At the same time, the bank she had used since 2006–and the one that held her $550,000 line of credit–increased its loan audits from once a year to four times a year. “I didn’t think we should have to do that,” she says. “Then the CEO was fired by the board, and it started looking like things were unstable.”

So O’Neill began looking to other banks, large and small, in search of funding. Over the course of a year, she talked with about 10 of them, but one community bank in particular, Security Business Bank of San Diego, took an interest in her company. The manager eagerly courted Nautilus and seemed to understand the business.

“He was working so much harder on making this happen than my current bank was,” she says. “He kept coming back to me, saying, ‘OK, we have these losses in 2009. Help me understand them so I can explain them in a way that gets us through the process.'”

In March, O’Neill closed a $709,000 Small Business Administration loan with Security Business Bank. The money paid off the $498,000 balance on her existing line of credit and gave her about $200,000 to shore up her cash reserves.

Yes, it took a year for her to get to that point, but that kind of due diligence is exactly what independent business owners need to practice when choosing a financial partner, says Richard Barrington, personal finance expert at, a financial information site that compares interest rates of various products. Choosing the right banking partner means looking far beyond great rates and convenient hours, especially in recessionary times.

First, some good news: Activity in loans backed by the Small Business Administration and other commercial lenders showed signs of renewal in the first quarter of the year, partly the result of more than $1 billion in loan guarantees from the American Recovery and Reinvestment Act. And there have been additional proposals to loosen lending to small businesses. In February, the White House announced plans for the Small Business Lending Fund, which would transfer $30 billion from the Troubled Asset Relief Program (TARP). Now, the fund needs to wind its way through the legislative process.

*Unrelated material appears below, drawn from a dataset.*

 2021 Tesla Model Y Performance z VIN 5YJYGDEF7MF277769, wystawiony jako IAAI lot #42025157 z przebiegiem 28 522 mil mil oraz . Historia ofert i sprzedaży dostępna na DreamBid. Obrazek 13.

Meanwhile, small businesses still need to find money. Conventional wisdom says it’s better to be a big fish in a small pond, but larger banks may offer more experience in and access to international services or a greater variety of financial products and services, says financial advisor Bruce Fenton, managing director of Atlantic Financial, an investment firm in Norwell, Mass. Some may be able to provide easier access to ancillary business lines in insurance or investing services.

However, the sheer size of many large banks makes it difficult for even midsize companies to have much influence.

That was Julie Parrish’s gut instinct. Parrish and Heidi Kennedy are co-founders of Coupon Girls. Last year they shelled out nearly $40,000 to successfully defend their website,, against an allegation of trademark infringement. Parrish and Kennedy knew they needed a line of credit but were afraid that their primary bank, Wells Fargo, wouldn’t look too benevolently upon them. Coupon Girls is a fledgling business whose owners found each other online seven years ago and have never met in person–Parrish lives in West-Linn, Ore., and Kennedy lives in Gillette, Wyo. Their credit scores were “in the low 700s,” says Parrish. And before Parrish’s husband was deployed to Iraq last year, the couple took out $150,000 in loans to renovate their 1977 home, and she racked up $20,000 in student loans obtaining her master’s degree in business administration.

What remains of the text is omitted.